Ella murió poco después de dar a luz a un hijo, un niño. Cuando mi hermano supo que había perdido toda esperanza de recuperación en su propia enfermedad, llamó a mi esposa junto a su lecho y confió el huérfano a su protección, un niño de cuatro años. Legó al niño todas las propiedades que tenía y escribió en el testamento que, en caso de que muriera su hijo, las propiedades pasaran a mi esposa como único reconocimiento que podía hacerle de sus cuidados y amor. Cambió conmigo unas cuantas palabras fraternales, deplorando nuestra prolongada separación y, hallándose agotado, se hundió en un sueño del que nunca despertó.
Nosotros no teníamos hijos, y como entre las hermanas había existido un afecto profundo, y mi esposa había ocupado casi el lugar de una madre para aquel muchacho, lo amaba como si ella misma lo hubiera tenido. El niño estaba muy unido a ella, pero era la imagen de su madre tanto en el rostro como en el espíritu, y desconfió siempre de mí.
No puedo precisar la fecha en la que tuve por primera vez aquella sensación, pero sé que muy poco después empecé a sentirme inquieto cuando estaba junto a aquel niño. Siempre que salía de mis melancólicos pensamientos, lo encontraba mirándome con fijeza, pero no con esa simple curiosidad infantil, sino con algo que contenía el propósito y el significado que con tanta frecuencia había observado yo en su madre.

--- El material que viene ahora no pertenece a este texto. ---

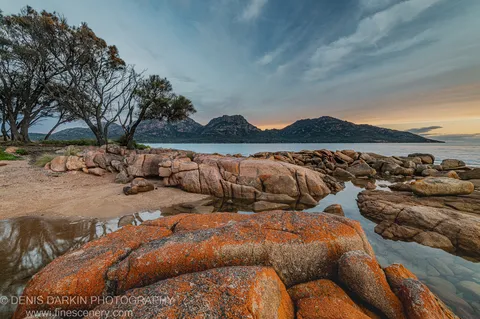 Large granite boulders covered in orange lichen at Coles Bay, a sandy beach and dark craggy mountains rising against a streaked sky.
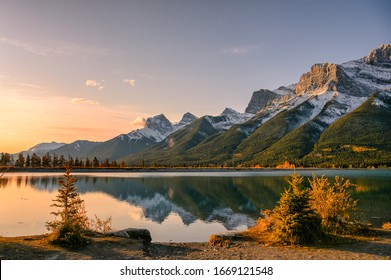 Sunrise on Mount Rundle with blue sky reflection on Rundle Forebay reservoir in autumn at Canmore, Canada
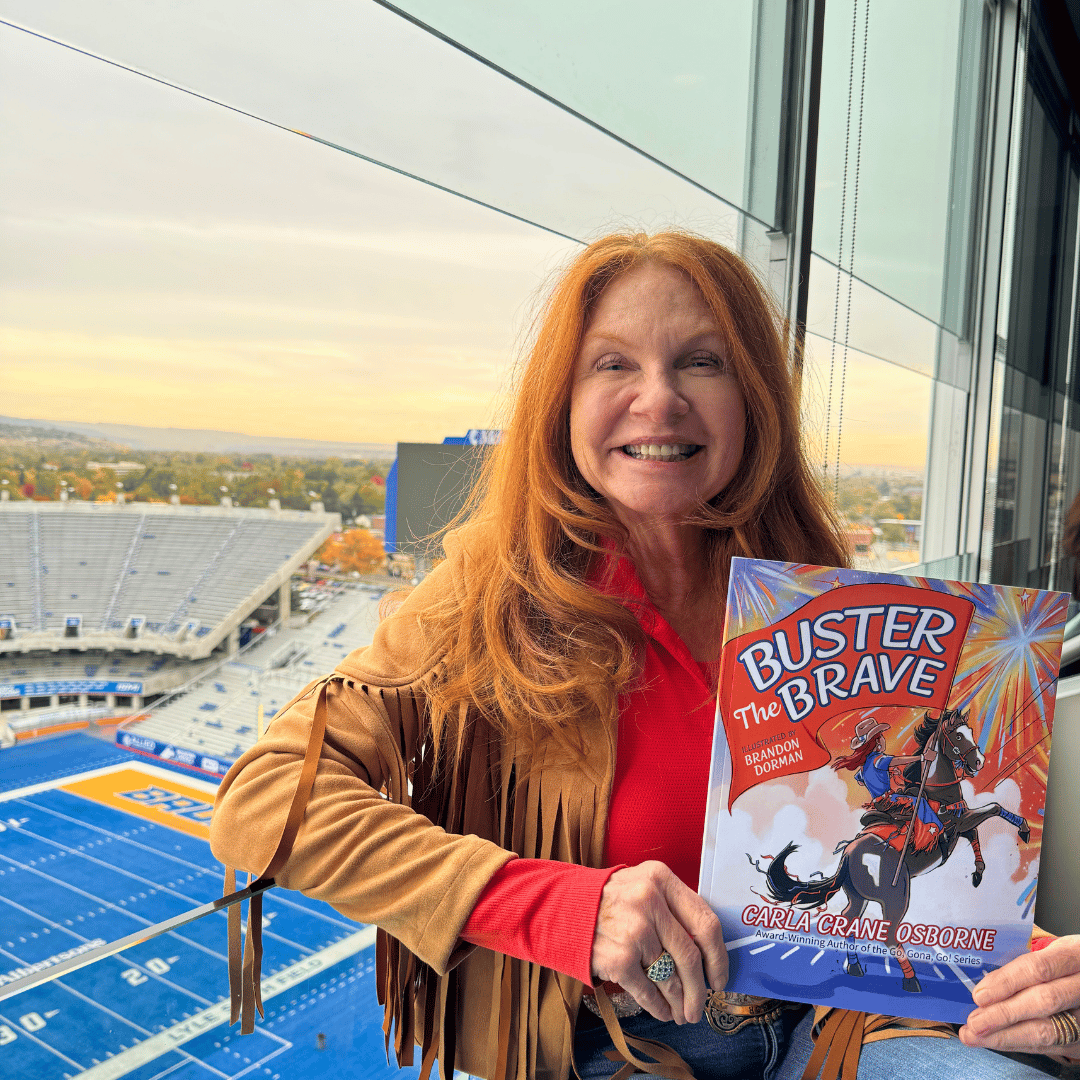 Carla Crane Osborne at the BSU stadium with her book Buster the Brave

No se trataba de un resultado de mi fantasía, basado en el gran parecido que tenía con ella en los rasgos y la expresión. Jamás le sorprendí con la mirada baja. Me tenía miedo, pero al mismo tiempo parecía despreciarme instintivamente; y aunque retrocediera ante mi mirada, tal como solía hacer cuando estábamos a solas, aproximándose a la puerta, seguía manteniendo fijos en mí sus ojos brillantes.